The change is minimal, you only need to modify the step create dictionaries for nodes attributes of g. Currently, we only add attribute level to g. Now, we need to create another dictionary for name and add it to the new attribute name of nodes of g

#create the directed graph `g` using `from_pandas_edgelist`. 
#You don't need `[level]` in this step
g = nx.from_pandas_edgelist(df, 'parent_id', 'child_id', create_using=nx.DiGraph())

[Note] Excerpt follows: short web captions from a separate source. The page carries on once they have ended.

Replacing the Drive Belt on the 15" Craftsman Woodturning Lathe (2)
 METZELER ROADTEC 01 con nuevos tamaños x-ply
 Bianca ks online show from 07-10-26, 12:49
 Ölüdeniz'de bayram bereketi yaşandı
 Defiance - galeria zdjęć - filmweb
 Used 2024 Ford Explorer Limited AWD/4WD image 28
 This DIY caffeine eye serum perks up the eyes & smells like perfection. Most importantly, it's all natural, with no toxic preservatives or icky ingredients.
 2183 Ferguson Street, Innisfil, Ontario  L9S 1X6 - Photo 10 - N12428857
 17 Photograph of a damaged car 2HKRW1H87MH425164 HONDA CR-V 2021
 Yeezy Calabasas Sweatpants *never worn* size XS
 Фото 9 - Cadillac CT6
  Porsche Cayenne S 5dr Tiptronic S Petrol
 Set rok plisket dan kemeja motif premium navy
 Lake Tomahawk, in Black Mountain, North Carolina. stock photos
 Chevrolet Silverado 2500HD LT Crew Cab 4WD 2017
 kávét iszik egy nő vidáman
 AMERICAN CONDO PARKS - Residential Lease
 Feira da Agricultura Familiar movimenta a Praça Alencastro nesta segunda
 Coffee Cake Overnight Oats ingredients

#create a dictionary with unique key on `parent_id` and `child_id`
#`melt` keep 2 columns 'level', 'name' instead of one column 'level'
#dictionary `d_level` for attribute `level` of `g's` nodes
#dictionary `d_name` for attribute `level` of `g's` nodes
df1 = df.melt(['level', 'name'])
d_level = dict(zip(df1.value, df1.level))
d_name = dict(zip(df1.value, df1.name))
root_id = df.loc[0, 'parent_id']
d_level[root_id] = 0  #set `level` of root to `0`

#assign `d_level` to nodes attributes `level` of graph `g` and `d_name` for `name`
nx.set_node_attributes(g, d_level, 'level')    #add `level` values to nodes of `g`
nx.set_node_attributes(g, d_name, 'name')    #add `name` values to nodes of `g`

#use customize `tree_data_custom` defined previously
out = [tree_data_custom(g, root_id)] 

If you adding many more columns to each row, it is better to create a single dictionary for all columns and apply one time to nodes of g as follows

g = nx.from_pandas_edgelist(df, 'parent_id', 'child_id', create_using=nx.DiGraph())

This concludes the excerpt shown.